Should be fixed now.

marijn · November 14, 2016, 10:00am

This patch should address this behavior (the list now ends up inside the table cell, which makes more sense)

kiejo · November 14, 2016, 3:45pm

Great, thanks for fixing these so fast! I tried the latest version from master and everything seems to be working nicely now

matthieubellon · November 14, 2016, 3:46pm

One thing Prosemirror was shining at is handling paste from external source (websites, Word) and doing a great job at it (especially word)

It lost it when we migrated to 0.13. I checked on prosemirror demos and reproduced it : http://recordit.co/d0sCLb5BZj

Console log : `bundle_basic.js:9719 Uncaught TypeError: Cannot read property ‘push’ of null(…) (anonymous function) @ bundle_basic.js:9719 forEach @ bundle_basic.js:3655 loop @ bundle_basic.js:9714 normalizeSiblings @ bundle_basic.js:9726 fromClipboard @ bundle_basic.js:9689 handlers.paste @ bundle_basic.js:12007 (anonymous function) @ bundle_basic.js:11634

marijn · November 14, 2016, 9:11pm

Not lost, just broken a little. Patch 4985040a9c63 seems to enable me to paste from Le Monde again. Do you want to test it out before I tag a bugfix release?
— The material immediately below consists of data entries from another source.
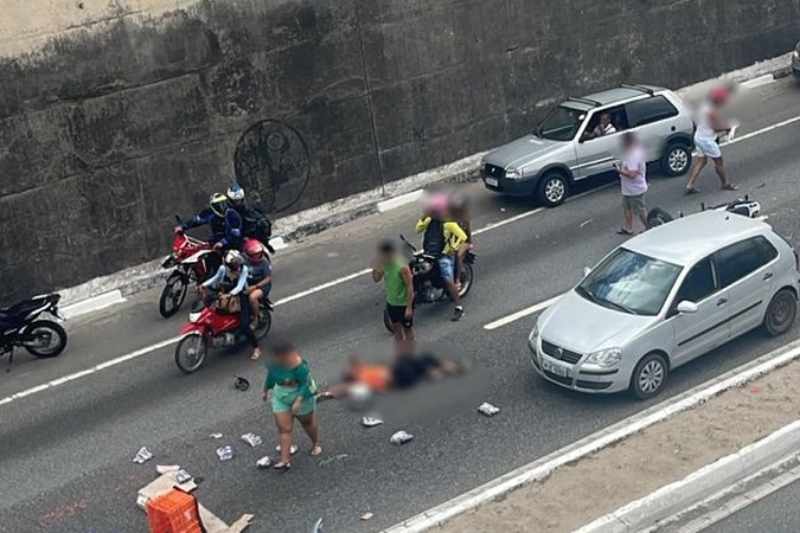 Acidente na BR-230 em João Pessoa envolve cinco veículos e deixa dois feridos 11 acidente br 230 jpa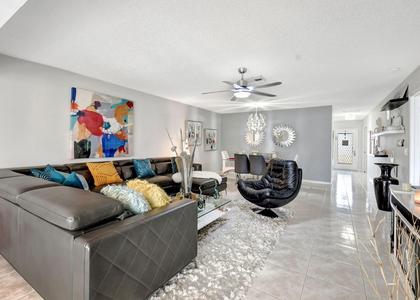 1930 Nw 18th Street - Photo 1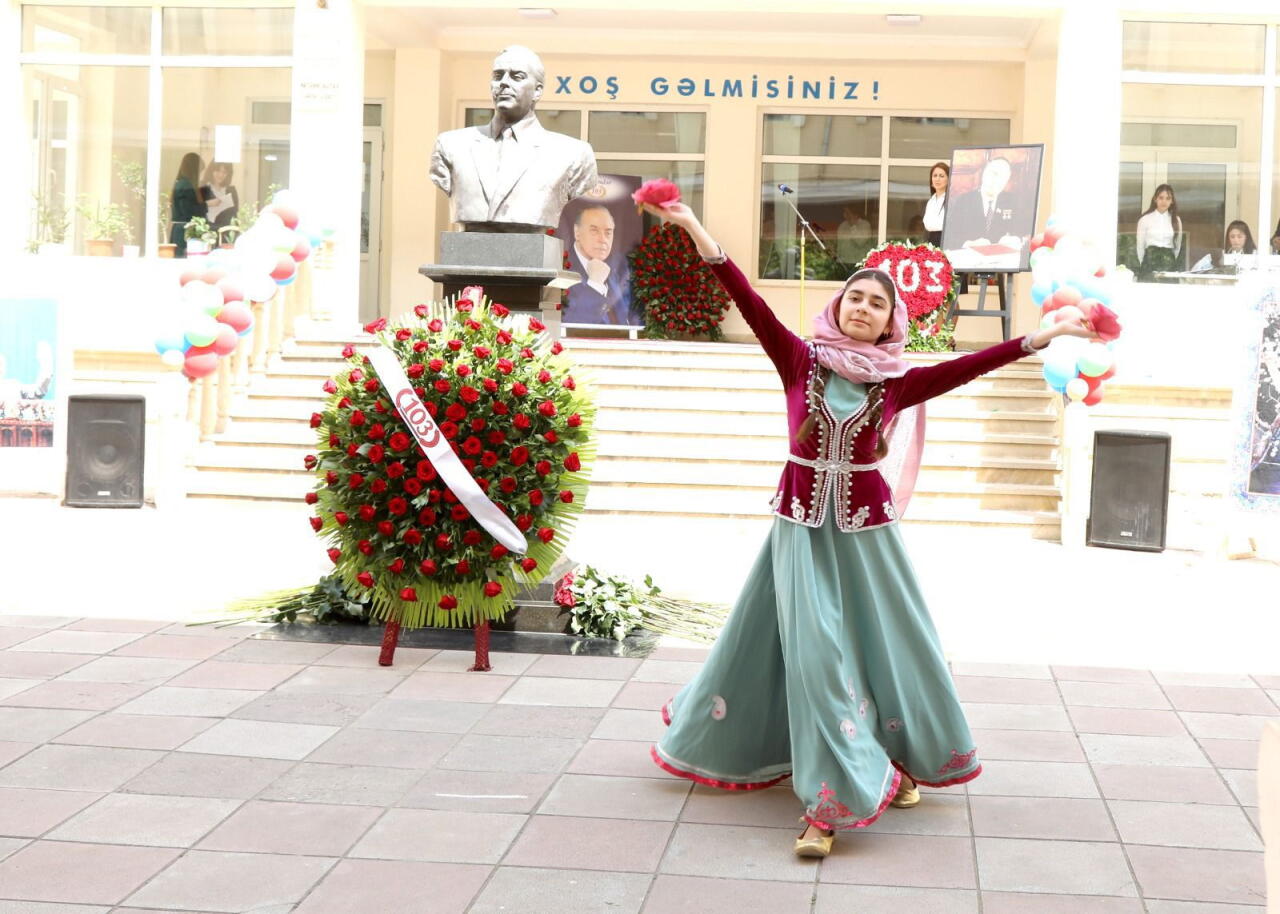 Heydər Əliyev adına Liseydə “Zamana sığmayan ömür” adlı tədbir keçirilib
matthieubellon · November 15, 2016, 7:46am

Great news. I thought you changed paste strategy. Please proceed, I won’t be able to test it today and do not want to be a bottleneck. Thanks again Matthieu

marijn · November 15, 2016, 9:13am

Published prosemirror-view 0.13.1 with the fixes.

thomasWajs · November 29, 2016, 3:49pm

Dunno if linked to the paste rework discussed here, but I noticed some weird behaviour with copy-paste. It seems to happen on windows only (we could not reproduce on Linux/Mac).

On the basic demo page ( http://prosemirror.net/demo/basic.html ), I notice that :

I can copy/cut a word from the editor, but I cannot paste it back into the same editor. An action is fired, because the history plugin display the undo button into the menu, but the pasted text does not appears.
If I copy a single word from the introduction paragraph of the demo, then paste it into the middle of a paragraph in the editor, the target paragraph is splitted and a new paragraph is inserted, which contains the single copied word

Hope you have a windows VM somewhere if you want to take a look.

marijn · November 29, 2016, 4:32pm

@thomasWajs Which browser+version is this happening in?

thomasWajs · November 29, 2016, 9:32pm

Firefox 50.0.1 Chrome 54.0.2840.99 m

Both on Windows 7 64 bits

Sorry for the double post with https://github.com/ProseMirror/prosemirror/issues/497, our report crossed

amk221 · August 3, 2021, 6:02pm

It’s great that there are so many hooks to handle pasting text and html, but I agree that there is a gap.

There is no opportunity to add a node. @wes-r is right that by the time you are in the transformPasted hook, it’s too late.

My schema doesn’t have paragraphs. And I’d like the opportunity to add a node after paragraphs.

One could solve this by adding a paragraph to their schema, so that in transformPasted you could then detect a paragraph and do-a-thing. But, that muddies the schema, which itself should not have paragraphs.

Are there any alternative approaches?